La licence sous laquelle est diffusée MPFR est la GNU Lesser General Public License, plus connue sous le nom de LGPL. Comme sa grande sœur GPL, cette licence permet l’utilisation, la modification et la redistribution de MPFR, et est héréditaire, c’est-à-dire qu’elle interdit de priver les utilisateurs de versions modifiées de ces droits. La différence principale avec GPL est que la LGPL permet l’utilisation dans un logiciel non libre, en particulier un logiciel commercial. Par exemple, on pourrait imaginer qu’Excel utilise MPFR, ce qui serait impossible avec la licence GPL.
Concilier exactitude et efficacité
Il faut souligner que lorsqu’on dispose d’une spécification formelle comme dans MPFR, il n’y a qu’un seul résultat correct pour un calcul donné. En effet, à toute entrée (fonction, nombre flottant, précision, arrondi) correspond une et une seule sortie correcte (et non pas à plus ou moins 1 ou 2 chiffres comme le font la plupart des logiciels). Cela rend plus difficile l’obtention de ce résultat, mais cela facilite la recherche de « bugs », et surtout cela permet d’avoir des fondations solides pour construire d’autres logiciels.

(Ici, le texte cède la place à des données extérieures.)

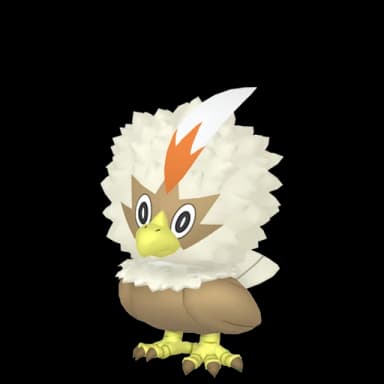 Pokémon HOME Shiny Geronimatz sprite
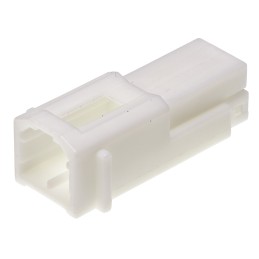 1 pcs - TE Connectivity, MULTILOCK 070 Female Connector Housing, 3.5mm Pitch, 2 Way, 1 Row
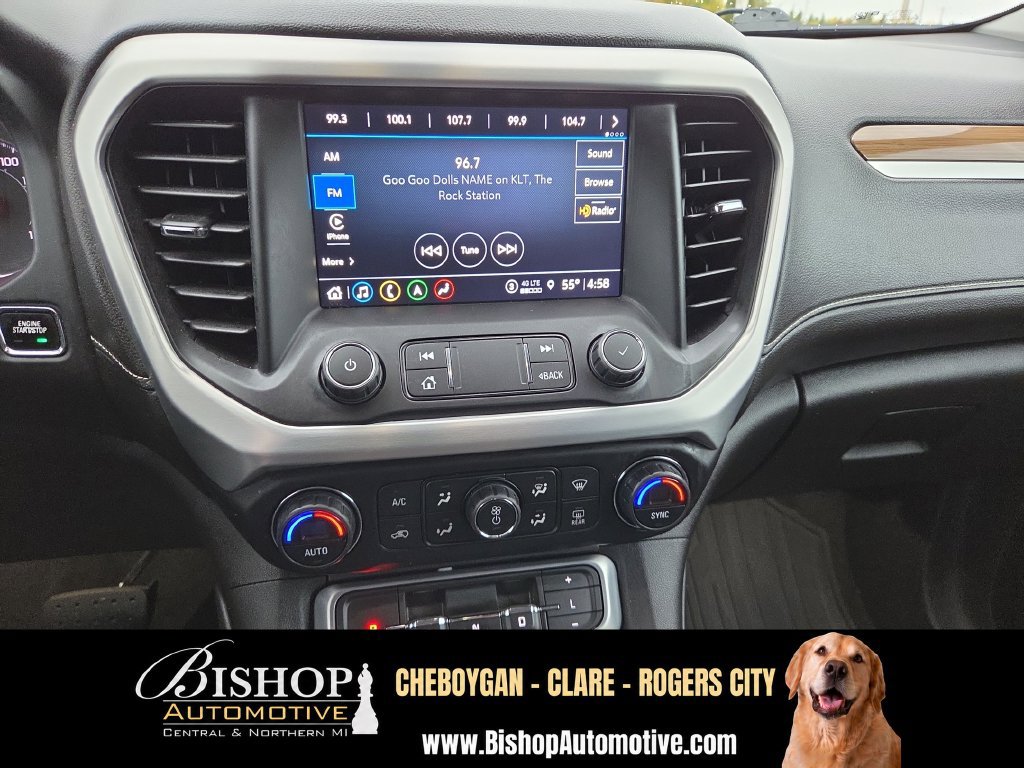 Used 2021 GMC Acadia SLE w/ Driver Convenience Package AWD/4WD image 19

Une bibliothèque telle que MPFR a de nombreuses applications. On peut s’en servir pour vérifier les résultats obtenus en double précision (voir le fameux « bug du Pentium »). MPFR permet aussi d’effectuer avec une plus grande précision certains calculs critiques : cela permet d’estimer la stabilité numérique d’un algorithme, ou d’évaluer l’erreur d’arrondi d’un calcul en double précision. Enfin, MPFR permet aussi de calculer avec arrondi correct les fonctions mathématiques qui ne sont pas standardisées par la norme IEEE 754, telles que le sinus, l’exponentielle ou le logarithme. C’est pour cette dernière application que MPFR est depuis peu utilisée dans le compilateur GNU GFORTRAN.
Supposons un programme contenant l’instruction d = sin(1.234), où d est une variable flottante, et supposons que le mode d’arrondi pour cette instruction peut être déterminé à la compilation, alors la valeur stockée dans d sera la même pour toutes les exécutions du programme. (On dit alors qu’elle peut être déterminée statiquement ou à « compile-time » en anglais).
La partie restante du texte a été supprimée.